▼
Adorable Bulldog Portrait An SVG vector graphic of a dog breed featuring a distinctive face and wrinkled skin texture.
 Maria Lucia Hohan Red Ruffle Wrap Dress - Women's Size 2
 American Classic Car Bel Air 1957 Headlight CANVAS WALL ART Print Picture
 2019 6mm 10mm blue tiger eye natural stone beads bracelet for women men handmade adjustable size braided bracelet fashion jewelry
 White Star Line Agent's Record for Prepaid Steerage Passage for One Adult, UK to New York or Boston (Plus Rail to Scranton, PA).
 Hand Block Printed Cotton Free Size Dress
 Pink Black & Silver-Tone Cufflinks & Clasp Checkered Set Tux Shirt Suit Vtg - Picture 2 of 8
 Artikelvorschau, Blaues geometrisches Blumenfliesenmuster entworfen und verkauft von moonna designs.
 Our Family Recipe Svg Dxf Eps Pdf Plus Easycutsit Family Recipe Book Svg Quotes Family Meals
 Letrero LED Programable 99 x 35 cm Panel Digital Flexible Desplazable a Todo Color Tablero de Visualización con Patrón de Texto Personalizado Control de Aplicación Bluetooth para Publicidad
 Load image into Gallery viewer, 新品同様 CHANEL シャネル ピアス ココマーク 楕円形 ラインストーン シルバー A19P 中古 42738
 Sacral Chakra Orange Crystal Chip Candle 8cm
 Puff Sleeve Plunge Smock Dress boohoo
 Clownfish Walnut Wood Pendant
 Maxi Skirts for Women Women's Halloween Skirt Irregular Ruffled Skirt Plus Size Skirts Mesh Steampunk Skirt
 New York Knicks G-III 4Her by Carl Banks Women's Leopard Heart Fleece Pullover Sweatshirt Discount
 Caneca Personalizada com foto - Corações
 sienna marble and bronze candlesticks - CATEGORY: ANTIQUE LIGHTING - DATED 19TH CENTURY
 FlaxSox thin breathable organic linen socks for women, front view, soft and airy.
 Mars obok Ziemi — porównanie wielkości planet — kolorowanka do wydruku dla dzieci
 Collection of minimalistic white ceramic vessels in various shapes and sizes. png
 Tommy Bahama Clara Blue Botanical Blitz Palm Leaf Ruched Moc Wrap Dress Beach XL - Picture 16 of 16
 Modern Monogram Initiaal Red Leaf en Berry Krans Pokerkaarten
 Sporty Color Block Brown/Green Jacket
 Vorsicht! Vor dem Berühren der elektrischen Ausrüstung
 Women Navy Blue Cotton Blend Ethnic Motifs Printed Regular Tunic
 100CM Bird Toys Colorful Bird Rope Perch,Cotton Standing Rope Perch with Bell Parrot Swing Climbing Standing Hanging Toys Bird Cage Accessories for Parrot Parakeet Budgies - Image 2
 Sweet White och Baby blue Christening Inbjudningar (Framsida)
▲
» **EXERCISE INSTRUCTIONS**
Nothing but the lines above from the one containing "Maria Lucia Hohan" through the one containing "2019 6mm 10mm" should appear in the answer, each repeated exactly.

» **COMPLETED TASK**
 Maria Lucia Hohan Red Ruffle Wrap Dress - Women's Size 2
 American Classic Car Bel Air 1957 Headlight CANVAS WALL ART Print Picture
 2019 6mm 10mm blue tiger eye natural stone beads bracelet for women men handmade adjustable size braided bracelet fashion jewelry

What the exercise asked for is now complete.